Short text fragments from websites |
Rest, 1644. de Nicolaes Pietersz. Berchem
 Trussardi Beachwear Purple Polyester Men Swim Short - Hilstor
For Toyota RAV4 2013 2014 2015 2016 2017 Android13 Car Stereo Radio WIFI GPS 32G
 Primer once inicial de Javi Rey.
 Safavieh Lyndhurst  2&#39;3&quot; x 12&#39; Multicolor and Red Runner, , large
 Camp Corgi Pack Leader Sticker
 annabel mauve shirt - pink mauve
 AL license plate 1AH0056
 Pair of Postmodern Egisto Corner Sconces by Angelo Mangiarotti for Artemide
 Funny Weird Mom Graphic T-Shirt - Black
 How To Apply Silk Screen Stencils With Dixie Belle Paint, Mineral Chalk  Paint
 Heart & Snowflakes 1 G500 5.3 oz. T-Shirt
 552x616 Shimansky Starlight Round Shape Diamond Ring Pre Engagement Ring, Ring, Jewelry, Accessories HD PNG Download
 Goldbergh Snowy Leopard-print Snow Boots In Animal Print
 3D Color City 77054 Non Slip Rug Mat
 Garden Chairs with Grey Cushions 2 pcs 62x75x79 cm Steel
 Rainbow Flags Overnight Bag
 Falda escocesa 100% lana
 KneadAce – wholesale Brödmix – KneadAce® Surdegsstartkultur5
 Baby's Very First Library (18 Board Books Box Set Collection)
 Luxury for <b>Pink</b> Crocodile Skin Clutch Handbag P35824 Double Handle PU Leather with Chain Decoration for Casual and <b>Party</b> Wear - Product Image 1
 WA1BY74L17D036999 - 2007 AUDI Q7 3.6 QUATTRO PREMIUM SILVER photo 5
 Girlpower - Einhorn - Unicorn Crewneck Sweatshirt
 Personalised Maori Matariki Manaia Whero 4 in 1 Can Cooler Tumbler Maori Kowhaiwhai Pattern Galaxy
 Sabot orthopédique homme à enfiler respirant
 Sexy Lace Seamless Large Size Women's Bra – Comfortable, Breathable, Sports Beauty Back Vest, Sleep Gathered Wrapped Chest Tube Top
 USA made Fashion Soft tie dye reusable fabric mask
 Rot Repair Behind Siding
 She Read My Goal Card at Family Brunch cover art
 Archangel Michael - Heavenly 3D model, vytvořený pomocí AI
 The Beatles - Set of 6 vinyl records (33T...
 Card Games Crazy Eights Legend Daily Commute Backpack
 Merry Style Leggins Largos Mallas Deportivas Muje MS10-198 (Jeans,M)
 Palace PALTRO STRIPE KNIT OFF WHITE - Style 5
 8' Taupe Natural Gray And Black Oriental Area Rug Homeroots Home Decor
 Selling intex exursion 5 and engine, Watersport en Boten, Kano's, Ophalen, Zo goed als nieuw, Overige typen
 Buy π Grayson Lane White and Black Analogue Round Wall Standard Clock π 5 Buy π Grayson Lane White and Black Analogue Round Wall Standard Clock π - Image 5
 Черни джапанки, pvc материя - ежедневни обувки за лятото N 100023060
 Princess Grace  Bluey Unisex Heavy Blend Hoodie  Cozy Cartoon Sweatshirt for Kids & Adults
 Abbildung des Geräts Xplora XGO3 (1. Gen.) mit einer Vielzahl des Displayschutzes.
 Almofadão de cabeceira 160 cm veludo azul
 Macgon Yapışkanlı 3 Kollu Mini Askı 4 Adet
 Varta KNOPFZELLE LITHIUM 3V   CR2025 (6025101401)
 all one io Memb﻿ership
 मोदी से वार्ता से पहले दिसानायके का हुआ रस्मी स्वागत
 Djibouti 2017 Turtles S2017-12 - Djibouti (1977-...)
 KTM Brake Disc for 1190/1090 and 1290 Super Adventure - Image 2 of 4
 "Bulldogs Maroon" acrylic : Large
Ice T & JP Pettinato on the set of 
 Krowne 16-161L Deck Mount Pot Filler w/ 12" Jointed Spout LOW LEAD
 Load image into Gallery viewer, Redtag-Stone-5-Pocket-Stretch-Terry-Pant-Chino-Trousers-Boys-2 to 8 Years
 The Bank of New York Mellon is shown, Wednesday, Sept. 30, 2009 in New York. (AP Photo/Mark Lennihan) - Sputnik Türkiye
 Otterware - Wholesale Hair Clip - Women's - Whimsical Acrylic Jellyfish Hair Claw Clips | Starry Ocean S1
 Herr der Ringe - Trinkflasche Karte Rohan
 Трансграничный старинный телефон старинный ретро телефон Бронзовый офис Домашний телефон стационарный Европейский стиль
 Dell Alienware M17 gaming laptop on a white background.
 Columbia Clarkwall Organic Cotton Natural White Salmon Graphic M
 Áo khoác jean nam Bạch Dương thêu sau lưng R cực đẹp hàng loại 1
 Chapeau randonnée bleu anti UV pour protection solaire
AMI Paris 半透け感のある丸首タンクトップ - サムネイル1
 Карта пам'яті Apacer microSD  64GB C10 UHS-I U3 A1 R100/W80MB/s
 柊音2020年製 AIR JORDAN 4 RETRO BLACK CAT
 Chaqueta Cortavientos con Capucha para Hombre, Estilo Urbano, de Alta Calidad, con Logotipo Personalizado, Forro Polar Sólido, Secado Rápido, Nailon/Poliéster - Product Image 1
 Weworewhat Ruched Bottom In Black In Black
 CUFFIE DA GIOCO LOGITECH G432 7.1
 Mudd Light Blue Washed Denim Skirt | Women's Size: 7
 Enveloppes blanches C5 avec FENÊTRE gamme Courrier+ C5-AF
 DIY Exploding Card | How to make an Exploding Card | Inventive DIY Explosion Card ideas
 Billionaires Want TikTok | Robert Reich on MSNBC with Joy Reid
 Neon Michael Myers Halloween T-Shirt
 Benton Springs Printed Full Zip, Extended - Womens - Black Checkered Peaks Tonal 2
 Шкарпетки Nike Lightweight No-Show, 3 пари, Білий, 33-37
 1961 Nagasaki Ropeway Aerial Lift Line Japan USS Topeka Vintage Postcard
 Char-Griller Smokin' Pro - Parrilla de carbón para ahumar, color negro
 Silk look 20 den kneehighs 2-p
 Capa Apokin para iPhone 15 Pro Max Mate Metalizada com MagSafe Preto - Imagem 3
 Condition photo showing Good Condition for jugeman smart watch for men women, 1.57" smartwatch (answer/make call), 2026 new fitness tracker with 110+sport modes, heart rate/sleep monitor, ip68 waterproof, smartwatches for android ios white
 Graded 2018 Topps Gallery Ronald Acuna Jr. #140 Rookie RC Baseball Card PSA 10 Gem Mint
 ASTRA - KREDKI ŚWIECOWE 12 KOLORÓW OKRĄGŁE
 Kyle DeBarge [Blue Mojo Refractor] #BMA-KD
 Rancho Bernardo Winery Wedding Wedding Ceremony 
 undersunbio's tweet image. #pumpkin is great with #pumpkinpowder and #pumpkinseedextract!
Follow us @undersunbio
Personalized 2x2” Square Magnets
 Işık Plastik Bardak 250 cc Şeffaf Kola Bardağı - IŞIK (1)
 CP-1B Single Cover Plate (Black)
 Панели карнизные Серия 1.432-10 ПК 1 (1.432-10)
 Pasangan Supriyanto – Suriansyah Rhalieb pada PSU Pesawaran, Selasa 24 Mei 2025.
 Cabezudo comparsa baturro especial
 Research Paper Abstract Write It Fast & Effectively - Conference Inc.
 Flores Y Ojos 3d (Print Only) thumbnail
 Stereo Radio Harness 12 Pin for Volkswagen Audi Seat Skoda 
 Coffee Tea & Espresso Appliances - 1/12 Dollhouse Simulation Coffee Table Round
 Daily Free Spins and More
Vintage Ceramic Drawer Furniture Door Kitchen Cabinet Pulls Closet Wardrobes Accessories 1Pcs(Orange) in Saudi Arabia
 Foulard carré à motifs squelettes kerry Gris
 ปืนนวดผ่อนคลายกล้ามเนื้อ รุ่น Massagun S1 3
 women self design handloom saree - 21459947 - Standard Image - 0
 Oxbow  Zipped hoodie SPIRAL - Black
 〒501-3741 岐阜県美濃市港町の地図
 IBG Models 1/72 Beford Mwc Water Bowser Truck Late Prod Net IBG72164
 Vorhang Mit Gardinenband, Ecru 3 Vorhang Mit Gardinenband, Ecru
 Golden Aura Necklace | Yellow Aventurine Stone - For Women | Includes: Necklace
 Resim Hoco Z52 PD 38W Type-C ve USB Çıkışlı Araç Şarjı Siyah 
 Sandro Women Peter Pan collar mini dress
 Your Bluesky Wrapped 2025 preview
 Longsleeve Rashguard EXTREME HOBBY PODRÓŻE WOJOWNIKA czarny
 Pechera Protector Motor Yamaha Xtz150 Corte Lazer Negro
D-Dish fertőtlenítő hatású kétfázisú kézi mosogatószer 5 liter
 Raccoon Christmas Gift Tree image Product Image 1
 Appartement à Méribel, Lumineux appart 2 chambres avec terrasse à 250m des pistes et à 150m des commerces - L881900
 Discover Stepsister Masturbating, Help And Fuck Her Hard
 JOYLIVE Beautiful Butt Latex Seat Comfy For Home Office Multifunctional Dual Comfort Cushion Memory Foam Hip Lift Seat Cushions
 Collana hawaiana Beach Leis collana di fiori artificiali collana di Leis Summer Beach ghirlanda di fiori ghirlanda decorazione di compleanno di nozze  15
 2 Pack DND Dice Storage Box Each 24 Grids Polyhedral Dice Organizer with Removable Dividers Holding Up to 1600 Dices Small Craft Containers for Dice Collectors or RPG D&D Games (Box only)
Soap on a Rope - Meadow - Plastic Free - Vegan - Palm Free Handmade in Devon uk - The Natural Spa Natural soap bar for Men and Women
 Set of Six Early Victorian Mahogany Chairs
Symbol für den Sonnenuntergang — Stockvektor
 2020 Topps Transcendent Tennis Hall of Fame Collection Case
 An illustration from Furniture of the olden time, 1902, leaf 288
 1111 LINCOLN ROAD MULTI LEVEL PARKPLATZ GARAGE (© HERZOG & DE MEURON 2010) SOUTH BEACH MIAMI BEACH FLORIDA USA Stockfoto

Work order |
The string "Standard" marks the lines to copy; report each of them from the data above.

Response area |
 Buy π Grayson Lane White and Black Analogue Round Wall Standard Clock π 5 Buy π Grayson Lane White and Black Analogue Round Wall Standard Clock π - Image 5
 women self design handloom saree - 21459947 - Standard Image - 0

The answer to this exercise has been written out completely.